4.2.1   Die wichtigste Gemeinsamkeit dieser Richtlinien besteht darin, dass sie eine ähnliche Struktur aufweisen: Begriffsbestimmungen, wesentliche Gesundheits- und Sicherheitsanforderungen, Verweise auf harmonisierte Europäische Normen, Anforderungen an die Hersteller, Anforderungen an die Rückverfolgbarkeit und Konformitätsbewertungsanforderungen sowie Schutzklauselmechanismen.

4.2.2   Bei den betroffenen Sektoren handelt es sich um sehr wichtige Bereiche der Industrie, die einem harten internationalen Wettbewerb ausgesetzt sind und daher von einer Vereinfachung und der Gewährleistung gleicher Wettbewerbsbedingungen in der EU profitieren können.

4.2.3   Dennoch schlägt die Kommission vor, ein Paket von Richtlinien, die nicht zur Überprüfung anstehen, aber für die die Einfügung von Bestimmungen zur Marktüberwachung und zu anderen sektorübergreifenden Fragen von Vorteil wäre, an den Beschluss 2008/768/EG anzugleichen, wobei rein sektorbezogene Elemente nicht in Frage gestellt werden.

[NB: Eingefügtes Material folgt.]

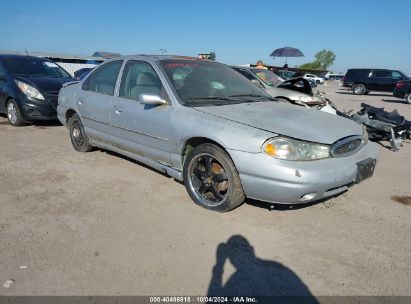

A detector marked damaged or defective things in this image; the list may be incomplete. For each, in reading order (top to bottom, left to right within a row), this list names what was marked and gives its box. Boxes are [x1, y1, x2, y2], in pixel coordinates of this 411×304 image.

damaged sedan [57, 55, 380, 211]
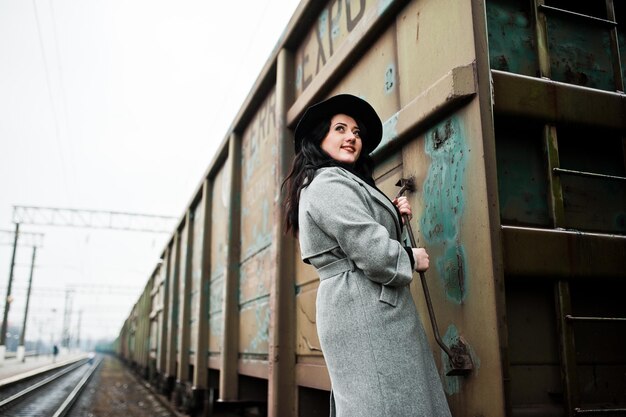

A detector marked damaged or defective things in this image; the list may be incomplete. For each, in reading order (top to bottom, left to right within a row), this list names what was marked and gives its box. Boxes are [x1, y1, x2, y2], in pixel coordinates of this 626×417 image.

peeling paint [420, 116, 468, 302]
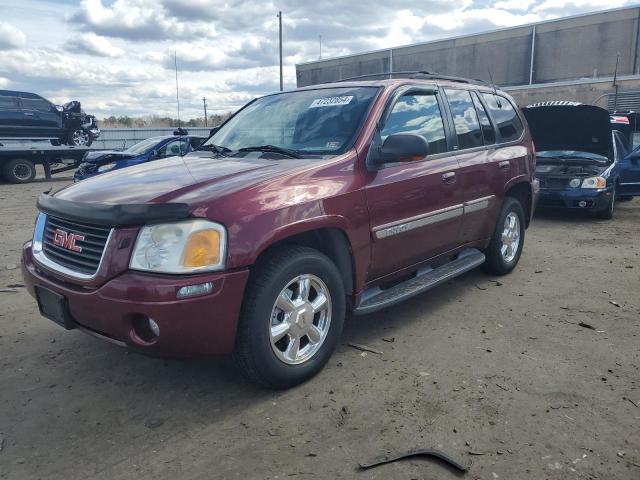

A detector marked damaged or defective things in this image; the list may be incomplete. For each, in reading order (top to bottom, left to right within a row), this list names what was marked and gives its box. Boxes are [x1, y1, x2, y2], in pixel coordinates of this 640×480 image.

wrecked vehicle [0, 89, 100, 146]
wrecked vehicle [74, 133, 206, 182]
wrecked vehicle [524, 104, 632, 220]
wrecked vehicle [22, 76, 536, 390]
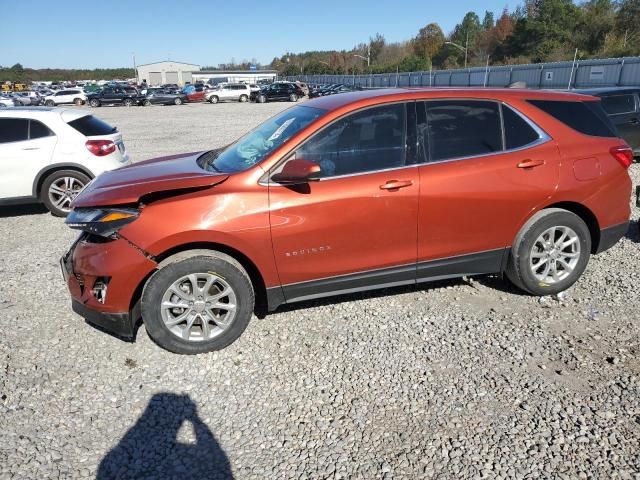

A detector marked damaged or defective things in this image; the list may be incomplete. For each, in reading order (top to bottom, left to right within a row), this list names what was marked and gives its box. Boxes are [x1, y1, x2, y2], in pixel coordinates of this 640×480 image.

cracked hood [73, 152, 228, 208]
damaged orange suv [62, 89, 632, 352]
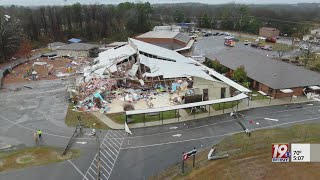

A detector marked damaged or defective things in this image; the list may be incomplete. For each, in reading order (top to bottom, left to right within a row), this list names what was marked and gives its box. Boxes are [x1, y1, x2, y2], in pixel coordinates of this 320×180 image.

damaged school building [70, 38, 250, 114]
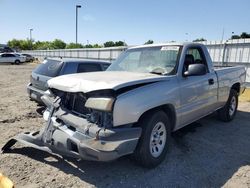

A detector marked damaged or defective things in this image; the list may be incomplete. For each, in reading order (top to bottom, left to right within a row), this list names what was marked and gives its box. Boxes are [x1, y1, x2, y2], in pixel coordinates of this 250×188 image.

crumpled hood [47, 71, 167, 93]
damaged front end [1, 89, 142, 162]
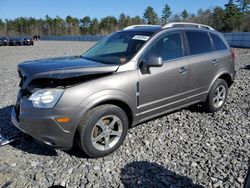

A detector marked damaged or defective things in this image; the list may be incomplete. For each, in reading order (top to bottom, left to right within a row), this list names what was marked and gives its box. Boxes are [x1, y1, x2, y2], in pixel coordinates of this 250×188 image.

damaged hood [17, 55, 119, 88]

4.2.4   Mit diesem Paket wird die Änderung dieser Richtlinien ausschließlich zur Einfügung der horizontalen Bestimmungen des Beschlusses im Zuge eines einmaligen, vereinfachten Verfahrens ohne Änderung sektoraler Fragen bezweckt, damit die unmittelbaren Vorteile des neuen Rechtsrahmens möglichst vielen Branchen zugute kommen können. Angeglichen werden einzig und allein die Begriffsbestimmungen, die Anforderungen an die Rückverfolgbarkeit, die Verpflichtungen der Wirtschaftsakteure, die Kriterien und Verfahren für die Auswahl von Konformitätsbewertungsstellen und die Konformitätsbewertungsanforderungen.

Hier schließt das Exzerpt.